4

Consider $d$ random variables. For each set of $k$ variables, we are given a joint probability distribution. We want to know that whether these distributions correspond to a valid joint probability distribution of all $d$ variables. We can assume that each variable has a finite domain.

I think a necessary condition is that, all given distributions should agree with the same lower dimensional distributions when we integrates some variables out. But this seems not a sufficient condition.

Is there any simple necessary and sufficient condition? or can we find a simple but stronger necessary condition? or is the above necessary condition in fact sufficient? Thanks.

x10000year
  • 43
  • Why is the condition you gave not sufficient? Do you have a counterexample? – John Wiltshire-Gordon Sep 28 '11 at 22:03
  • I don't know. Since I can't prove it, I can't say that is sufficient. Do you know any proof?

    I think if the necessary condition is sufficed, then there exists a d-D joint distribution probably with some negative entries that are consistent with all given k-D joint distributions. But I don't know whether we can always find out a d-D joint distribution with all non-negative entries.

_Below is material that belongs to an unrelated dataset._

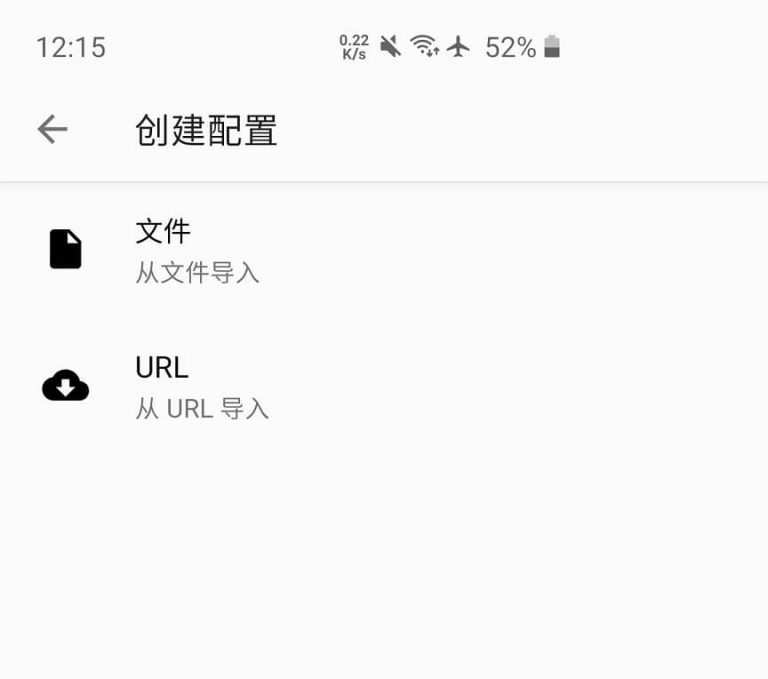 Clash for Android配置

     – x10000year Sep 29 '11 at 05:14
  • Try checking the simplest possible nontrivial case. d=3, k=2, all distributions are on ${0,1|]$. – Will Sawin Sep 29 '11 at 05:56
  • 1
    For $k=2$ then you need the covariance matrix to be positive semidefinite. This is not guaranteed just by having the one dimensional distributions being consistent. – George Lowther Sep 29 '11 at 06:46
  • To obtain a necessary and sufficient condition, I think you just need to apply the separating hyperplane (Hahn-Banach) theorem. – George Lowther Sep 29 '11 at 06:48
  • Doing so, you get the necessary and sufficient condition, for all $f_1,\ldots,f_m\colon\mathbb{R}^d\to\mathbb{R}$ each just depending on $k$ variables, there exists $x\in\mathbb{R}^d$ with $\sum_i(f_i(x)-\mathbb{E}[f_i(X)])\ge0$. Could do with simplifying though. – George Lowther Sep 29 '11 at 07:06
  • Actually, this question is interesting from the point of view of quantum mechanics, where the k dimensional subspaces correspond to commuting sets of observables (so jointly observable). Therefore, Bell's inequality is one example of a necessary condition - and the fact that it is violated in some quantum systems demonstrates the necessity. – George Lowther Sep 29 '11 at 10:44

1 Answers1

1

I asked myself the very same question some time ago. First, let me show that the obvious necessary condition is not sufficient.

Let $X_1,Y_1,Y_2,Z_2,Z_3,X_3$, be six random variables having the same non-deterministic law such that: $X_1=Y_1$, $Y_2=Z_2$ and $(Z_3,X_3)$ are independent. Then there cannot exist $(X,Y,Z)$ such that $(X,Y)\sim (X_1,Y_1)$, $(Y,Z)\sim (Y_2,Z_2)$ and $(Z,X)\sim (Z_3,X_3)$.

Now, there is a condition that, added to the sub-dimensional joint law correspondence is sufficient for feasability. It is written in a short note http://www-fourier.ujf-grenoble.fr/~bkloeckn/papiers/compatibility.pdf on my web page in the case of three variables; the full condition is stated and proved by Hans G. Kellerer. in Verteilungsfunktionen mit gegebenen Marginalverteilungen. (Z. Wahrscheinlichkeitstheorie und Verw. Gebiete, 3:247–270 (1964), 1964.). Note if you do not recognize the name of the journal that its the former name of PTRF (Probability Theory and Related Fields). I do not know a reference in english, but you can have a look at the MR review of that paper.

Benoît Kloeckner
  • 14,198